Everyone Shows What MCP Does — But Nobody Tells You What It Abstracts

Last Updated on April 15, 2025 by Editorial Team

Author(s): Sanjay Krishna Anbalagan

Originally published on Towards AI.

Let’s Build This from Scratch — Developer Style

You’ve probably seen this diagram in blog posts:

Everyone Shows What MCP Does — But Nobody Tells You What It Abstracts

But here’s the problem: Everyone shows you how to use MCP.
Nobody explains what it abstracts — and why it suddenly matters now.So let’s stop theorizing and start coding.

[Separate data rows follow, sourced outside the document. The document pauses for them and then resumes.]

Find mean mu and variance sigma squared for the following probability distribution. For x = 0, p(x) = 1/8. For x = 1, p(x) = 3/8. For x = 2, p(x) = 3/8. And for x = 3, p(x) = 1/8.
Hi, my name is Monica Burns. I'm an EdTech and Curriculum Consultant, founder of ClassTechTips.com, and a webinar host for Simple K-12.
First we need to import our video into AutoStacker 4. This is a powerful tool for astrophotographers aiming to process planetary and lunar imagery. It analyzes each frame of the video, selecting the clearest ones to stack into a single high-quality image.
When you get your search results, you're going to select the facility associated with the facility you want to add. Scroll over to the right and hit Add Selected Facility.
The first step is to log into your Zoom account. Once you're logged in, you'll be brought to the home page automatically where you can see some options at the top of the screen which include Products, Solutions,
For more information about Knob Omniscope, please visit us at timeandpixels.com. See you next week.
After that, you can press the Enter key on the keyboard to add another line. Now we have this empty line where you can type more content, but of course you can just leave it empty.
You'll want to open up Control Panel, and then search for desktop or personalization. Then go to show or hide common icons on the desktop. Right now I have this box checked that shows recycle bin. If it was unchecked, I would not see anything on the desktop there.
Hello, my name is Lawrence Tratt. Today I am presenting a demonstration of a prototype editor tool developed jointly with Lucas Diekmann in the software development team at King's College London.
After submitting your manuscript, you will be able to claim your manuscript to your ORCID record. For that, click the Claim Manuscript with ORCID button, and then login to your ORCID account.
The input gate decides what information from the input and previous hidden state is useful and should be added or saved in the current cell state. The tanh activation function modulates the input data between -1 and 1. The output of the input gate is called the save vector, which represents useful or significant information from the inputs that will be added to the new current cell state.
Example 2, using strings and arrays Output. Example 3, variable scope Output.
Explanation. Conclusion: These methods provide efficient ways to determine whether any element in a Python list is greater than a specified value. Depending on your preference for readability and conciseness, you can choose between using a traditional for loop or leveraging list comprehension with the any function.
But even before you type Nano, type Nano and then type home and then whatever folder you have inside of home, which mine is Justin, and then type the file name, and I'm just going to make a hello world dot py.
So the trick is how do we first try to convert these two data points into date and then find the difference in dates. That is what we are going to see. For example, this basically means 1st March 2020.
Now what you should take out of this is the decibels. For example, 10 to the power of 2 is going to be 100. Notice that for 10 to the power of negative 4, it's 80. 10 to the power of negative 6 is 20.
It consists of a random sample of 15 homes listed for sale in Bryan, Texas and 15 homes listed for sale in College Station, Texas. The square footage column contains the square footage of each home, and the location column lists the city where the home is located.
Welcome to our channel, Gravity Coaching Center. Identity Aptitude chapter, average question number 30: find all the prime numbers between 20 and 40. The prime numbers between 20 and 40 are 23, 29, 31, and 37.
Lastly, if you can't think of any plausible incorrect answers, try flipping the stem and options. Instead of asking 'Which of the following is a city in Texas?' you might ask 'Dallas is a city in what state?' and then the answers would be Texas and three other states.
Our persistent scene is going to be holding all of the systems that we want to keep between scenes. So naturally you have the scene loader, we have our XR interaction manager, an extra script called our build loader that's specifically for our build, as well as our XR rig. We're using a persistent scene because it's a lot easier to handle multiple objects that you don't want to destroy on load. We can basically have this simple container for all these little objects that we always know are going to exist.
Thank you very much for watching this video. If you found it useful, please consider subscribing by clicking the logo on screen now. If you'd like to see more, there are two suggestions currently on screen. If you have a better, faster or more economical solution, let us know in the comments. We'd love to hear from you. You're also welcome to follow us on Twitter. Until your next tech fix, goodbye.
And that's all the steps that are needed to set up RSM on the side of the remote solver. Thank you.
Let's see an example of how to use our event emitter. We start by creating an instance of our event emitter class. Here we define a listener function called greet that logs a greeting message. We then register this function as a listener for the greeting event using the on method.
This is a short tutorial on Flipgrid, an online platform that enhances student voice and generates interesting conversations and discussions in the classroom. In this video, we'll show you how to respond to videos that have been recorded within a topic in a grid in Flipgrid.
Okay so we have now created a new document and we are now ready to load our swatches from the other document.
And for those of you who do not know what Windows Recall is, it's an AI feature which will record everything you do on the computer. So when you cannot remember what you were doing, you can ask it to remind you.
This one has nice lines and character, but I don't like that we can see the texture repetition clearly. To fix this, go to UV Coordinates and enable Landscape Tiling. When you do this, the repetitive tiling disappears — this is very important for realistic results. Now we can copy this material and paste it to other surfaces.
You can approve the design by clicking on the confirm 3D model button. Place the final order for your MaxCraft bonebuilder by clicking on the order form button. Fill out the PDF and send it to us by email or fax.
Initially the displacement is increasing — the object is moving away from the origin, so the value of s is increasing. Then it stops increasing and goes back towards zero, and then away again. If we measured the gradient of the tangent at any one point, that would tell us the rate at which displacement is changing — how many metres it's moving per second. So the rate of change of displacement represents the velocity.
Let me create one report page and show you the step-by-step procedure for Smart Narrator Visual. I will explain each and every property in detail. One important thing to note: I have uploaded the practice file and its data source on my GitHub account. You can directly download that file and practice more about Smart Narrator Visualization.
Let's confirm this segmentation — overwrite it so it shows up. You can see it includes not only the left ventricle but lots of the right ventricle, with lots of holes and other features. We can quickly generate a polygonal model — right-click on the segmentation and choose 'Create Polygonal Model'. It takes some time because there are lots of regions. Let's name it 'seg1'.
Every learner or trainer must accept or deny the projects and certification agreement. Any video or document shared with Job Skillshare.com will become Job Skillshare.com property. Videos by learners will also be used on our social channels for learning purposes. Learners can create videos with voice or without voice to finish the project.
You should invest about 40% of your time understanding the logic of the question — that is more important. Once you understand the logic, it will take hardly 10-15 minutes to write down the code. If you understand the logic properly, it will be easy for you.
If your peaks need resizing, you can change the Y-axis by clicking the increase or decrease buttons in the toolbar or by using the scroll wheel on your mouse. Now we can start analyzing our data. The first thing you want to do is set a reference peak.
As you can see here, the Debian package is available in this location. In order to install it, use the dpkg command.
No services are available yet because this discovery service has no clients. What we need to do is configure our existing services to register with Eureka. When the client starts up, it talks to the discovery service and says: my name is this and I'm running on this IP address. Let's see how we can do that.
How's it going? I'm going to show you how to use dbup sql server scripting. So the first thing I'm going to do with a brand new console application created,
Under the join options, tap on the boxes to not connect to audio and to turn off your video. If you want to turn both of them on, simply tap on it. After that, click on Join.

1. Traditional Web UI: The Button Era

Let’s say we’re building a web UI with two buttons:

<button id="btn-create-user">Create User</button>
<button id="btn-get-revenue">Get Revenue</button>

Here’s the JavaScript behind it:

document.getElementById("btn-create-user").addEventListener("click", () => {
fetch("/api/createUser")
.then(res => res.json())
.then(data => renderUserCard(data));
});document.getElementById("btn-get-revenue").addEventListener("click", () => {
fetch("/api/getRevenue")
.then(res => res.json())
.then(data => renderGraph(data));
});

What are we doing here?

  1. We’re writing fetching logic
  2. We’re writing routing logic (which API to call)
  3. We’re writing post-processing logic to fit the UI

Every action is hardcoded. The output needs to match the UI structure exactly.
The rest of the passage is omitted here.